AMEERALIFE.COM, ISTANBUL --Rencana pelarangan TikTok di Amerika Serikat (AS) mendorong banyak pengguna untuk mencari alternatif lain. Salah satu platform yang menjadi sorotan adalah RedNote, aplikasi asal China yang juga dikenal sebagai Xiaohongshu.
Pengguna TikTok di AS beralih ke RedNote karena kesamaan fitur dan konten yang ditawarkan. Hal ini menunjukkan bahwa meskipun terdapat larangan, minat masyarakat terhadap platform berbagi video pendek tetap tinggi.
Ancaman pelarangan TikTok di AS yang dijadwalkan mulai 19 Januari 2025 mendorong banyak pengguna platform itu di Amerika beralih ke RedNote. Sejak Senin (13/1/2025), RedNote menjadi aplikasi yang paling banyak diunduh di AS.
Namun, popularitas itu menghadirkan tantangan bagi RedNote, yang harus menyeimbangkan kebijakan moderasi konten ketat ala Tiongkok dengan pengalaman pengguna yang positif bagi pengguna non-China. Beberapa pengguna mengeluhkan kebijakan sensor RedNote, yang tidak hanya membatasi konten kekerasan, ujaran kebencian, dan pornografi, tetapi juga jenis unggahan lainnya.

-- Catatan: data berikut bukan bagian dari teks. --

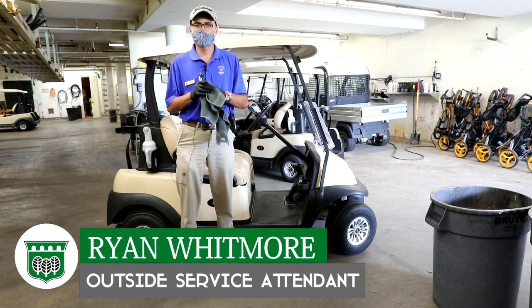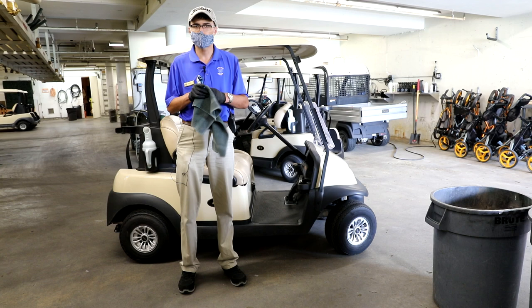Hi, I'm Ryan. I'm an outside service attendant here at Bird and Wood Golf Course and I'm here to demonstrate how we clean carts and keep our customers safe.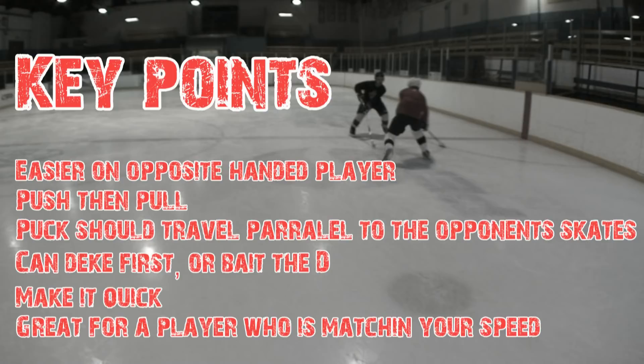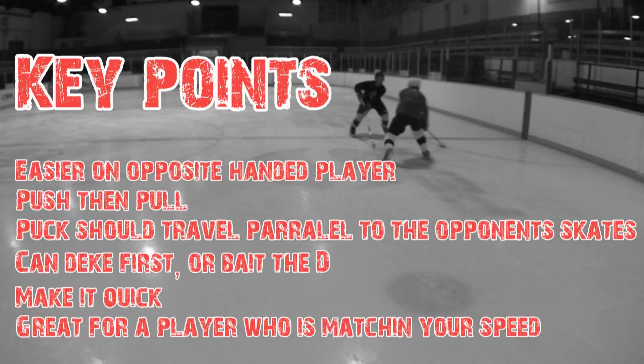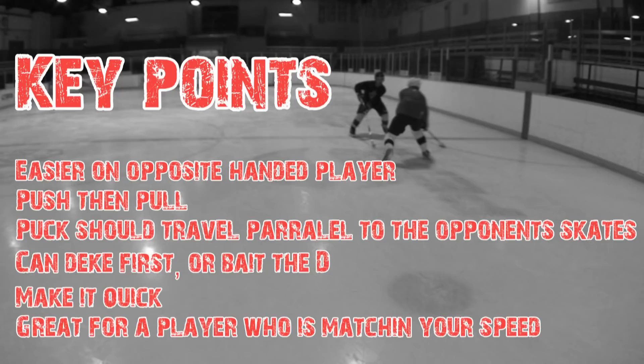The next key point is the push-then-pull. When you're doing this move, there are two obstacles you have to avoid: the player's stick and the player's skates. If you pull the move too quickly without doing the push, you're going to put the puck right into his stick and he's going to knock it off. What I like to do is push the puck forward just a little bit before I pull this move, if I'm not already in a good position — about a foot forward. That gets it out of the zone where his blade is going to be when he's sweeping, and then comes the pull. You pull the puck across, and the puck should travel parallel to the opponent's skates. If you put a stick across the player's toes, that makes a line — you want to bring the puck across that line. If you bring it in on an angle, you're going to hit the player's skates. So push the puck, then pull it across on a straight line, and you're going to almost always beat the player.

Ketika ditanya tentang kebijakan sensor di RedNote, juru bicara Kementerian Luar Negeri China, Guo Jiakun, menyatakan dalam konferensi pers, “Kami percaya bahwa platform apa pun yang Anda gunakan adalah pilihan pribadi, dan kami mendorong serta mendukung pertukaran antarindividu".
Internet di China telah lama dikenal dengan penyensoran terhadap istilah dan topik yang dianggap sensitif secara politik atau sosial. Pada 2024, Weibo mengumumkan upaya untuk menghapus konten dengan “nilai-nilai yang tidak diinginkan” seperti unggahan yang "memamerkan kekayaan dan memuja uang".
Pada 2021, Weibo didenda 14,3 juta yuan (sekitar 2,2 juta dolar AS atau sekitar Rp36 miliar) karena memuat unggahan sensitif secara politik, misinformasi, dan materi terlarang lainnya. Larangan TikTok akan mulai berlaku pada Ahad (19/1/2025), kecuali ByteDance, perusahaan induknya, mentransfer kepemilikan atau ada keputusan hukum menit terakhir yang mencegah pelarangan.
Larangan itu diajukan karena kekhawatiran keamanan nasional terkait potensi pembagian data dengan otoritas China, yang dibantah oleh ByteDance. Presiden AS terpilih Donald Trump, yang akan dilantik pada Senin (20/1/2025), menentang larangan tersebut dan telah meminta Mahkamah Agung untuk melakukan peninjauan darurat. Meskipun Trump mendukung larangan TikTok selama masa jabatan pertamanya, ia mengubah posisinya pada Maret setelah bertemu dengan Jeff Yass, seorang pendukung kampanye kepresidenannya sekaligus investor di TikTok.